Except, unlike the others, Scott Kazmir's story has a happy ending. He spent the last of 2012 pitching for the Sugar Land Skeeters in the Atlantic League (the same team that has featured former NBA All-Star Tracy McGrady and 50-year-old Roger Clemens) and dominating Puerto Rican Winter Ball. His performance earned him a minor-league contract with the Cleveland Indians. After pitching well in spring training, Kazmir made the Tribe's rotation straightaway.
Kazmir parlayed a successful season in Cleveland into a two-year deal with the Oakland Athletics and like so many other pitchers before him, he became far better in Oakland than anyone expected. For the past two seasons, Kazmir has been a top-five lefty in the American League. He gained his third All-Star bid in 2014, and his 3.10 ERA with the A's and Astros in 2015 was fourth best in the AL.

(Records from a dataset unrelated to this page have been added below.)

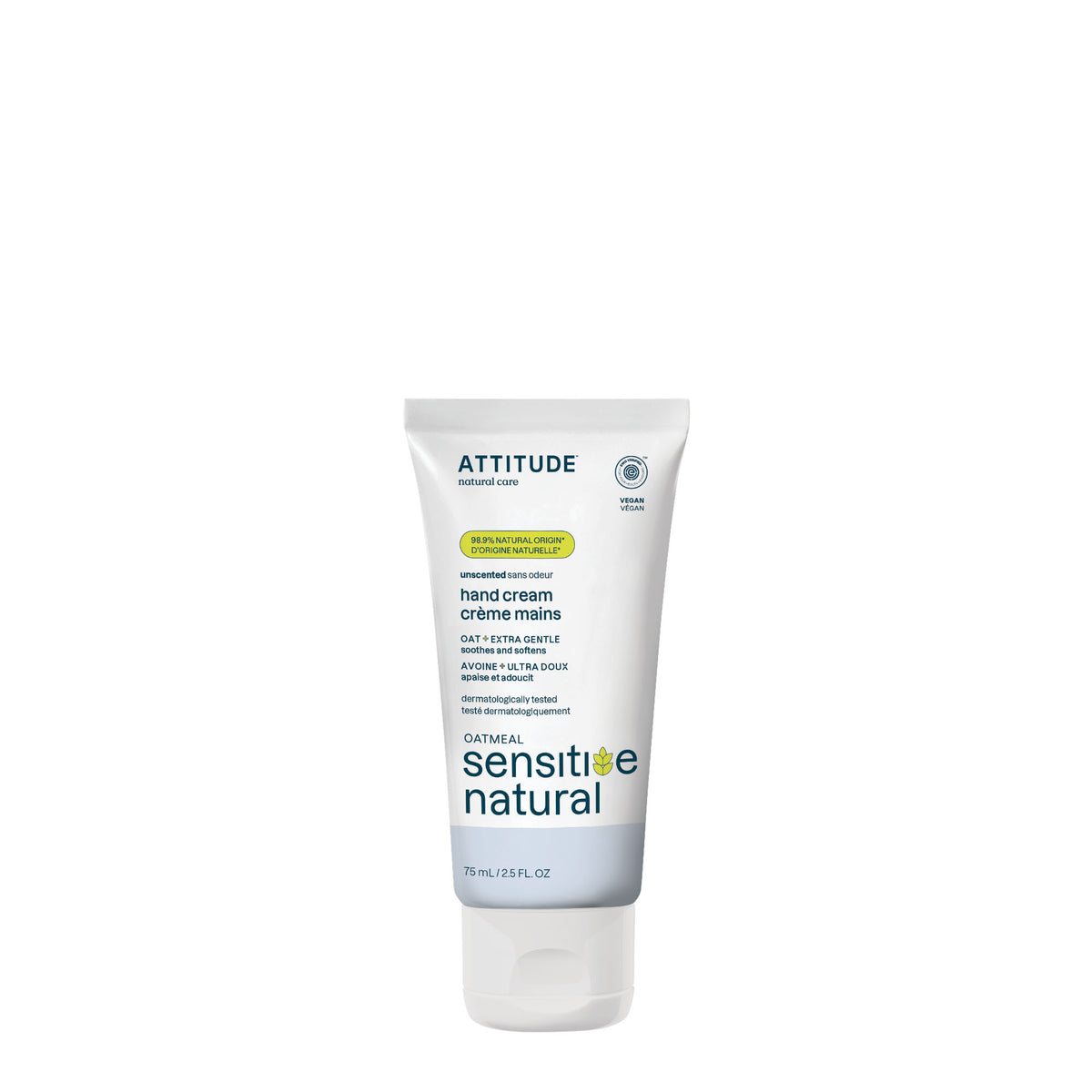 Attitude Sensitive Skin Hand Cream Fragrance Free 75ml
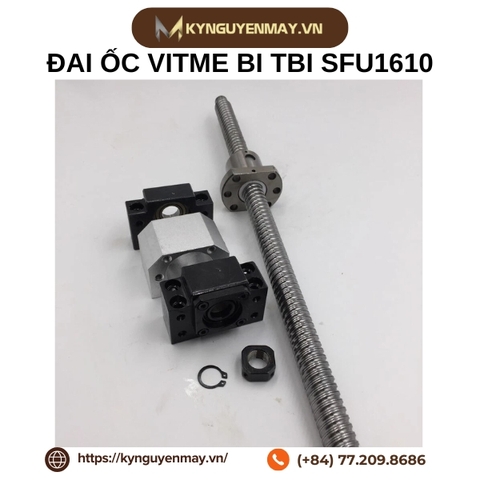 Đai ốc vitme bi TBI SFU1610 (đường kính trục 16mm và bước ren 10mm)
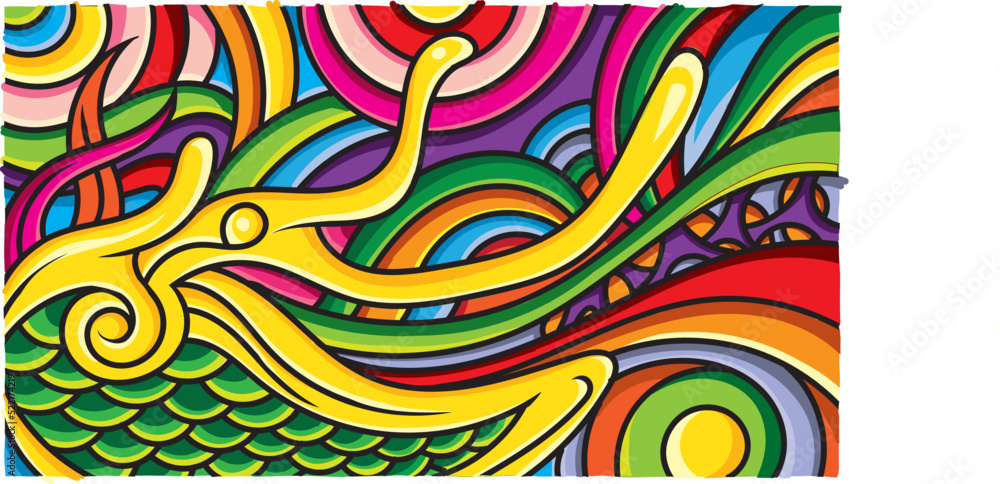 Full drawing colour pattern Full drawing colour pattern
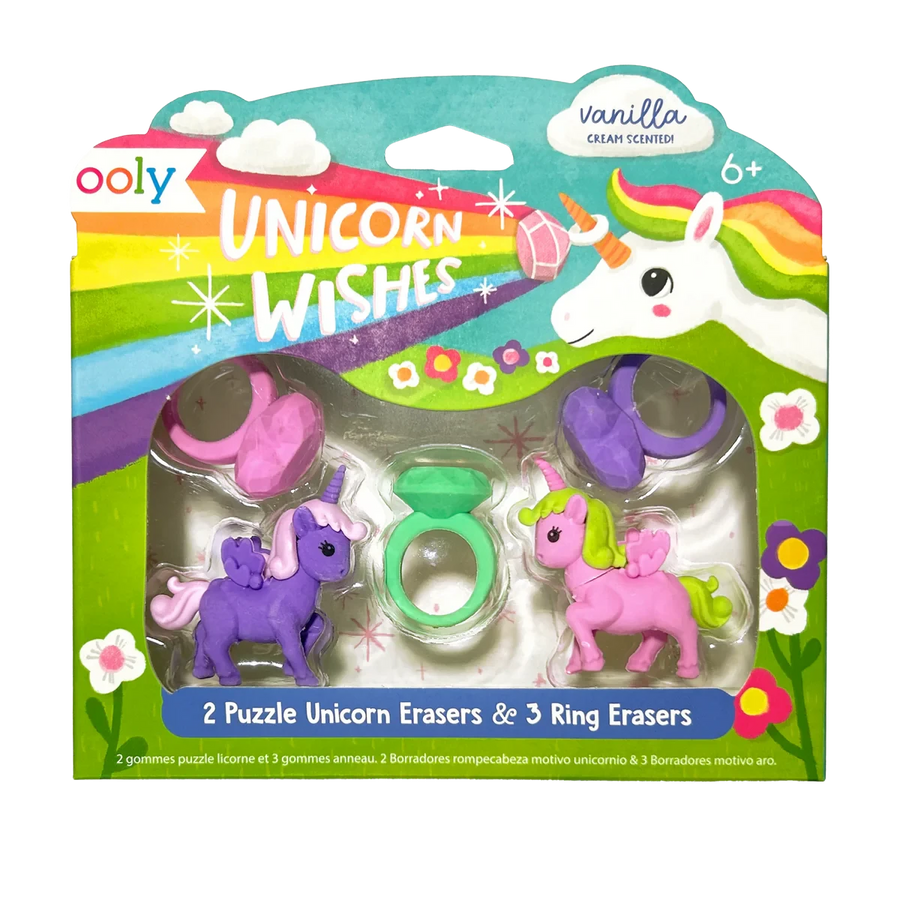 Ooly | Unicorn Wishes Geurende Puzzelgummen Set Van 5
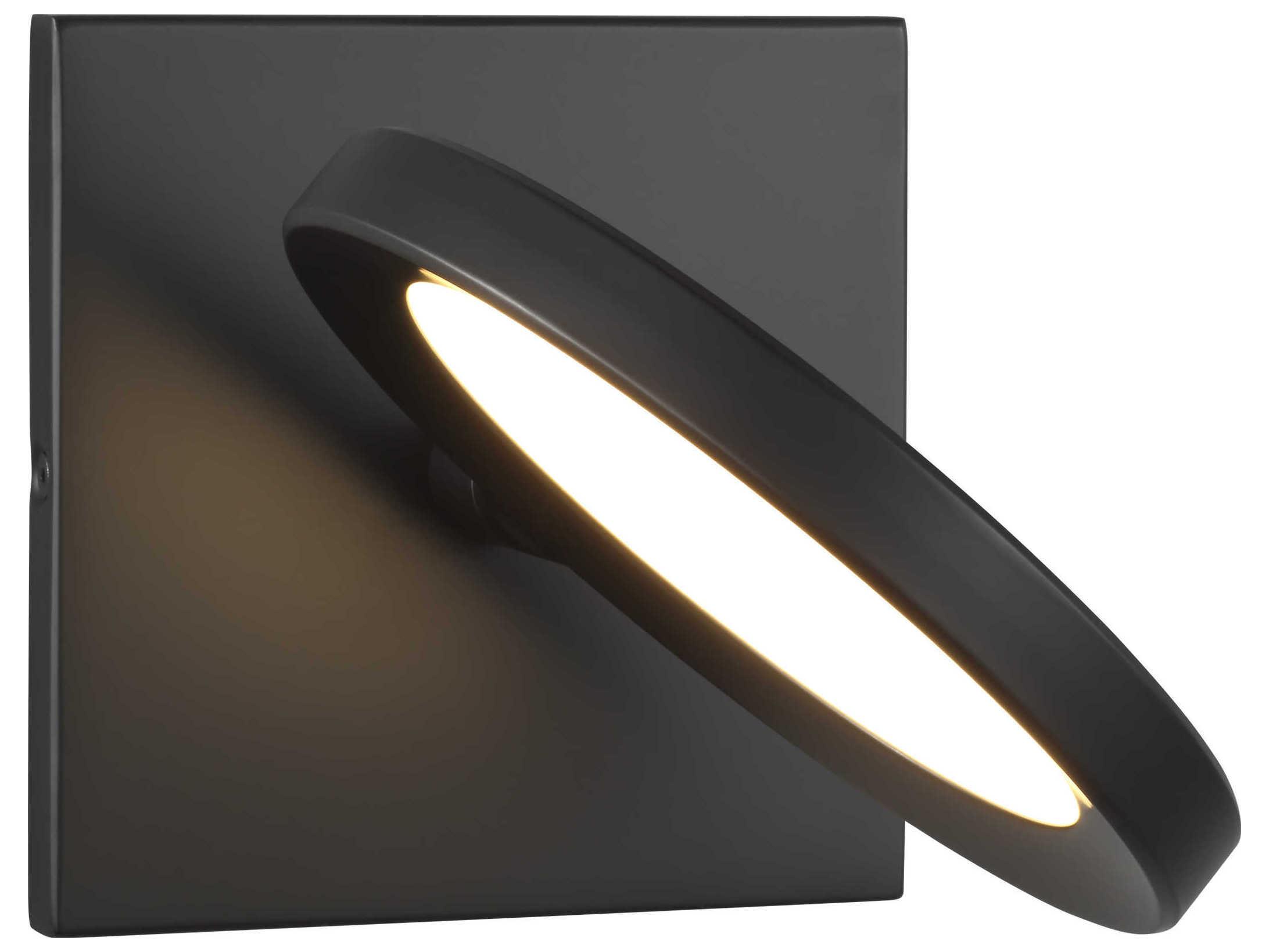 Visual Comfort Modern Spectica 1-Light Matte Black Wall Sconce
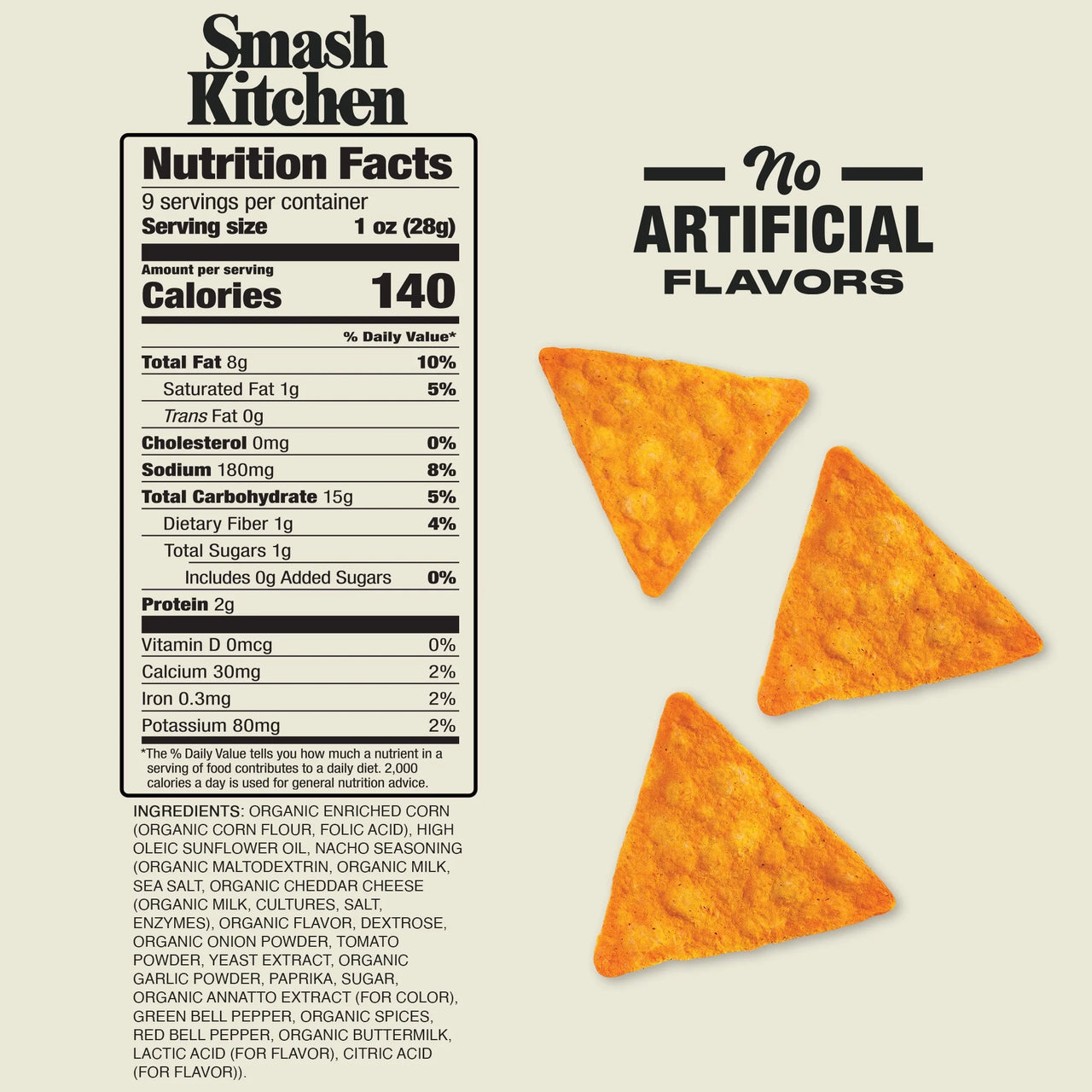 Nacho Cheese Flavored Tortilla Chips
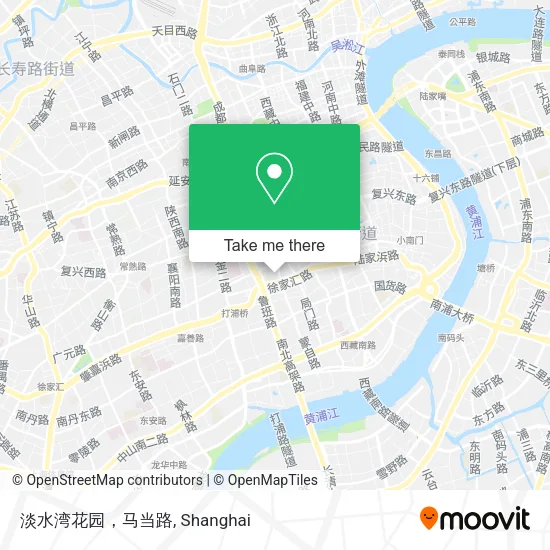 淡水湾花园，马当路 map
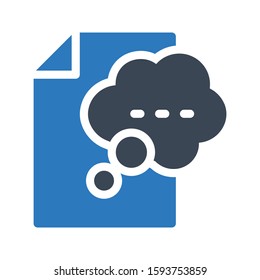bubble vector glyph color icon 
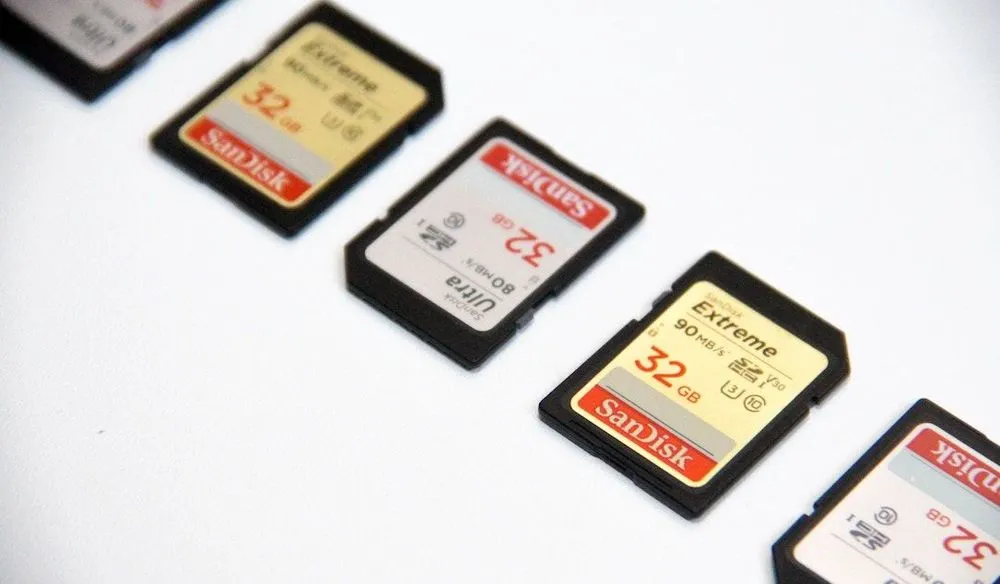 SanDisk cards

Kazmir has also reinvented his repertoire, adding a low-90s two-seam fastball which he uses nearly exclusively now. He's eschewed his slider in favor of a tighter, firmer cutter, which he'll toss mid-80s. His wild card, though, is his mid-70s change. His arsenal is built around both effectiveness and endurance. He doesn't throw a lot of off-speed pitches at all, and when he does, it's usually a changeup, which puts far less strain on his arm than a breaking ball would. Working at three different speeds, Kazmir's mix is a recipe for longevity.
The market for Kazmir appears stout. He's a third-tier option this winter, but with this pitching-rich free agent class, that's by no means an insult. Pretty much every club will be interested in acquiring Kazmir. The big market teams could view him as a fallback option to one of the bigger names, or choose to add Kazmir alongside a top gun. He's affordable enough for the mid-market teams, and even stingy clubs might take advantage of the market surplus to add a quality arm at a reasonable price. Plus, since he was dealt midseason, the team that signs him won't have to forfeit a draft pick. Now in his thirties, Kazmir is likely seeking stability. Whoever offers him a fourth year might get him.
Kazmir would be a nice fit for the Yankees, who could really use another lefty for the rotation. However, they're not in the mood to hand out long-term deals to older pitchers. Though Kazmir will be just 32 years old next season, he already has considerable Major League mileage. He would help the rotation in the short-term. But given his injury history and the fact that his market might bear sweeter fruit elsewhere, those resources could be better spent on improving another facet of the team. If the Yankees are going to add a lefty, they shouldn't have to compromise the youth movement in doing so.